Abstract

Abstract Funding Acknowledgements Type of funding sources: None. Introduction identification of patients with new-onset conduction disturbances at risk of AV-block remains a major unmet challenge in Transcatheter Aortic Valve Replacement (TAVR). His-Ventricular interval (HVI) measurement has been proposed in patients at risk. However, the HVI assessment is often overlooked, performed as a single assessment without active mapping, and even single-catheter assessment is sometimes performed. Purpose To systematically evaluate HVI measurements in a post TAVR population, in search of methodological pitfalls as related to outcomes Methods Consecutive patients who underwent HVI assessment post-TAVR between June 2014 and December 2021. HV interval was classified as normal (<55), intermediate (55-70) and abnormal (>70 ms).
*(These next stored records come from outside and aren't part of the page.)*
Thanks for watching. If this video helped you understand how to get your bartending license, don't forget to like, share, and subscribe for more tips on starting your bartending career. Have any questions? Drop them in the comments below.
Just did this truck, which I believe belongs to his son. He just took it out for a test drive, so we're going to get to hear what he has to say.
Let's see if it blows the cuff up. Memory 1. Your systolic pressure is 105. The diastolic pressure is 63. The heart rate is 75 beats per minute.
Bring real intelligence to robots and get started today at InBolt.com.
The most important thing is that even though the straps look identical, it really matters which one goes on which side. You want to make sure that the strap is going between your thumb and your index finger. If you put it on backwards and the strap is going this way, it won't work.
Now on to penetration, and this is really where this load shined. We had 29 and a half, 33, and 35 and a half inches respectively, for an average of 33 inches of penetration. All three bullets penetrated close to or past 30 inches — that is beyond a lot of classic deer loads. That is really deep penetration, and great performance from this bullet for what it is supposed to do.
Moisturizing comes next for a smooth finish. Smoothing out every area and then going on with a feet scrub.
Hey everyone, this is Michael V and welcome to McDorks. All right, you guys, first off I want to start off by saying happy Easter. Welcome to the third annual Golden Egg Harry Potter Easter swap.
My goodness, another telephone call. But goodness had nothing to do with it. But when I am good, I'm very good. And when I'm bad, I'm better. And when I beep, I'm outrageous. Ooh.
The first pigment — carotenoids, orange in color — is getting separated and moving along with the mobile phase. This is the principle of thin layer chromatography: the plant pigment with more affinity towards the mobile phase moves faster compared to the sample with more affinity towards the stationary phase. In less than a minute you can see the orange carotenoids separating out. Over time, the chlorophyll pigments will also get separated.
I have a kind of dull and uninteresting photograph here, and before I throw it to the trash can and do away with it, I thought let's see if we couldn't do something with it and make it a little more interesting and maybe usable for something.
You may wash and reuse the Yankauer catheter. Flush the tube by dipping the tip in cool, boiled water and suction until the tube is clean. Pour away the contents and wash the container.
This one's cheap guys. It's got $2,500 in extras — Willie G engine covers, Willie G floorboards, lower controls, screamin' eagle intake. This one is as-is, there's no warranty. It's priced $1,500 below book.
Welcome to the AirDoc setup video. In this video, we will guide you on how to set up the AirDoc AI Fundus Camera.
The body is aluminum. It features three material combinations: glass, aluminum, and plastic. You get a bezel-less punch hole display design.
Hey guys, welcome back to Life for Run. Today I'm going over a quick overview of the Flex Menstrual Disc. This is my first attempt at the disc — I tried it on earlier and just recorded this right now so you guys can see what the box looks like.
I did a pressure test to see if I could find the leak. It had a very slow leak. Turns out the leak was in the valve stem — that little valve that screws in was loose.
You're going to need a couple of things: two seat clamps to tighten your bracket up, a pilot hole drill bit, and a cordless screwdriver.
Incremental atrial pacing was performed whenever possible. All tracings were reviewed by two blinded operators. Pitfalls in the assessment of atrioventricular conduction were categorized into types 1 to 5, as reported in Table 1. In sinus rhythm, only proximal HVI were considered defined as the concomitant recording of a near-field atrial signal. Results 90 cases were analyzed; median age 81 years1 [76 – 86] years; 37 (41%) male. The median HV interval was 54 [50 – 65] ms. An abnormal HV interval, exceeding the 55 and 70ms cut-off values, was found in 41 (45.9%) and 13 (14.8%) patients, respectively. At least one pitfall was found in 15 patients (16%). Short-term AV block occurred in 3 patients in sinus rhythm in whom no incremental pacing was performed, and in 2 patients with AF despite normal or borderline HVI in both groups. Conclusions Pitfalls in the assessment of the HVI are often observed after TAVR. Identification of infra- and especially intra-His disorders requires careful mapping and must be an active process on behalf of the operator. Our results call into question the value of the HV assessment using a single catheter or in patients with atrial fibrillation, considering the value of incremental atrial pacing and the inherent limitations in AF to assess the most proximal His or intraHis block.